Task statement:
The task for the listing below is to write out exactly the lines starting at the one containing "Telly-Tv.com - WWE" and ending at the one containing "31 Thurston Avenue", both included. Pictures are to be omitted.

Exercise materials:

+--

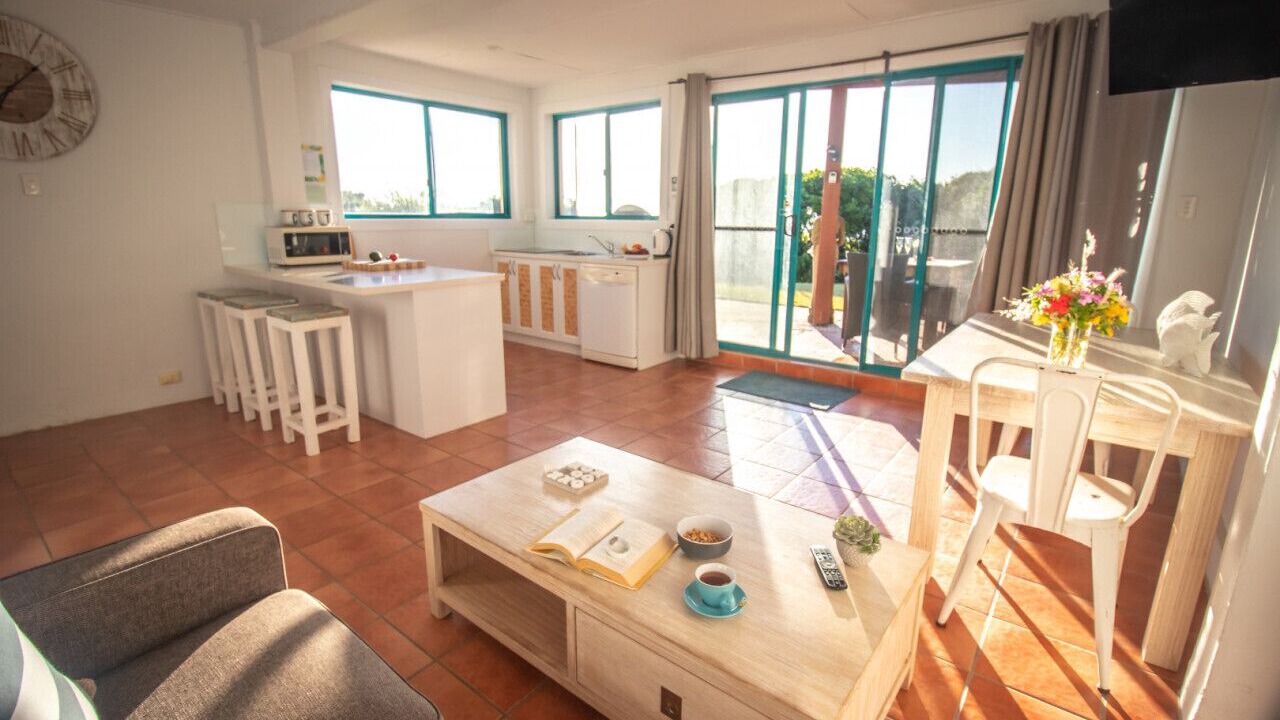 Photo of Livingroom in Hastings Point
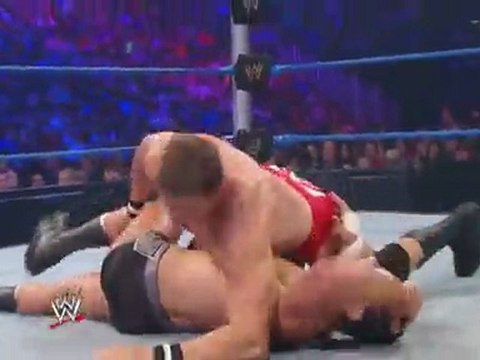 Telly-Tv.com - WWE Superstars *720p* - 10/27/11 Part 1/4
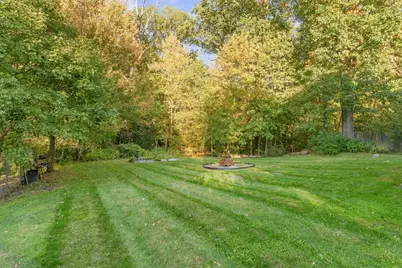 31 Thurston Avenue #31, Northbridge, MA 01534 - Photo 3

+--

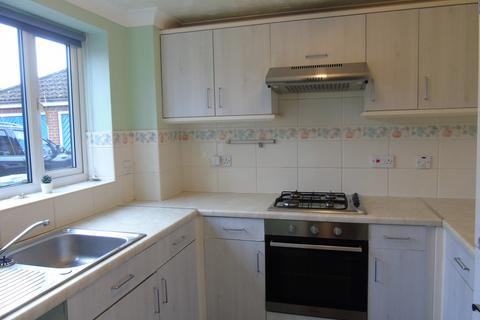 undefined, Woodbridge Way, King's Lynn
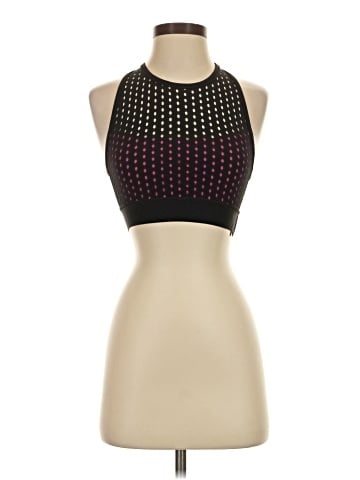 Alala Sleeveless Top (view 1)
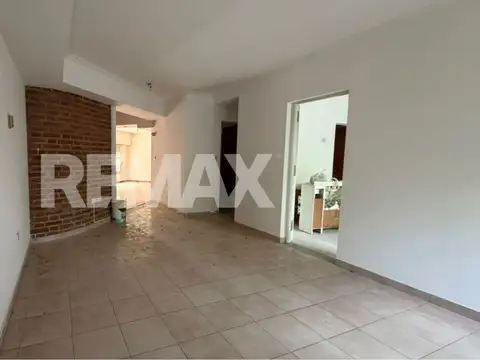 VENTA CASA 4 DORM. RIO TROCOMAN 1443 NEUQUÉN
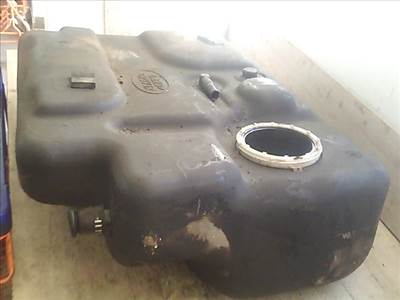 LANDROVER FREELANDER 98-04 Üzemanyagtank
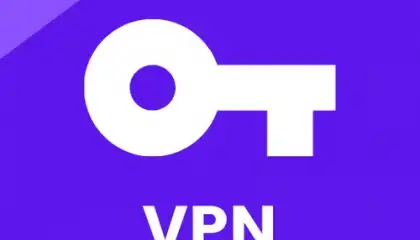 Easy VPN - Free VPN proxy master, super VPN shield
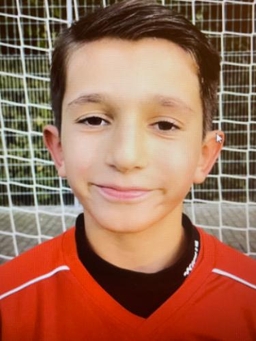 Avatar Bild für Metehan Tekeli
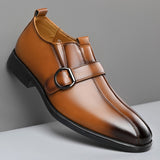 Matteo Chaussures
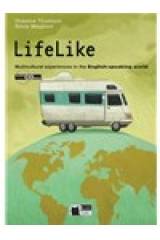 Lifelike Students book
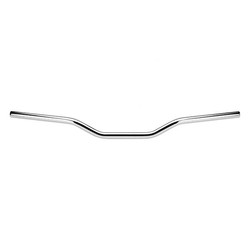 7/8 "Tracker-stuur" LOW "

+--

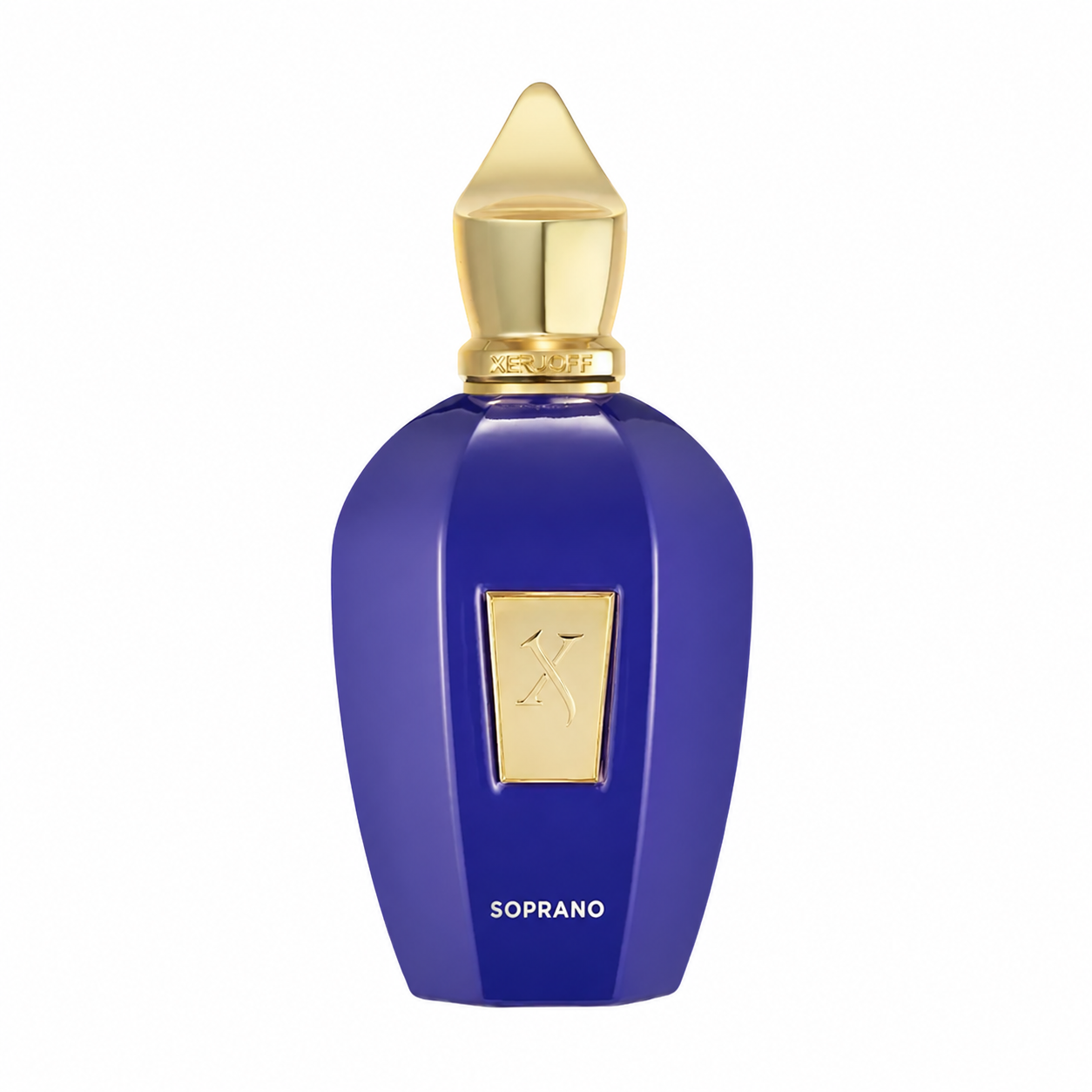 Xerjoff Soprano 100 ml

+--

Written solution:
 Telly-Tv.com - WWE Superstars *720p* - 10/27/11 Part 1/4
 31 Thurston Avenue #31, Northbridge, MA 01534 - Photo 3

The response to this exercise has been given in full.